Futurist Rebecca Costa suggests four practical measures the government can act on now to head-off further economic duress caused by the pandemic shutdown.
Rebecca Costa speaks
Rebecca Costa visited PDR to discuss her suggestions to help get Americans through the COVID economic crisis. We got into some substantial economic discussion previous to her articulating them.
- Make 2020 and 2021 unemployment benefits non-taxable: The likelihood citizens who are out of work are in any position to pay taxes on unemployment income is near zero, which clears the way for the IRS and State tax authorities to step in. And by step in, I mean collecting interest, lien or seize homes and bank accounts, levy future paychecks, etc. When an individual falls behind paying their taxes, these are all fair game.
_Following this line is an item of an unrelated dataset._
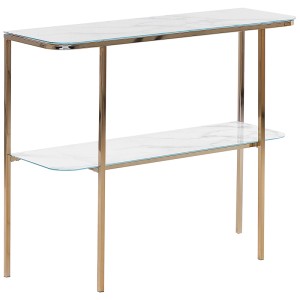 Console Beliani Calvert avec étagères en verre et structure en métal doré.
- Extend mortgage contracts: Make it legal, easy, and cost-neutral for property owners to rewrite the terms of existing loans so missed payments are made up on the backend of a longer loan. If 30-year mortgages could be converted to 32-35 year terms or longer (without using the rewrite as an excuse to tack on predatory fees or raise interest rates), families will be able to remain in the homes they own, and landlords would not need to force tenants to make-up missed rent. No harm, no foul – everyone hits the reset button and starts over from scratch. More importantly, we prevent another housing collapse, global recession, and mega financial institutions’ government bailout.
- Reign in Credit Bureaus: The government can work with credit bureaus to adjust their algorithms to accommodate the effect late payments during the pandemic have on an individual’s future creditworthiness. Government leaders can also put a freeze on raising credit card and other loan interest rates based on changes in credit scores throughout 2020, 2021, and as long as the pandemic persists.
- PPP Lines of Credit: Replace the current on-again-off-again PPP loans with government-insured 1, 2, and 3-year PPP lines of credit, at zero interest, for small businesses that have incurred debt as a direct result of a government-mandated shutdown. Not only will this provide access to the long-term capital they will need to get back on their feet, but it also buys them time. Business owners will no longer be left guessing (Will Congress pass another package? When? For how much? Are we eligible?). They will be back in control. A government-insured Line of Credit will allow them to plan and use only the funds they need for what they need.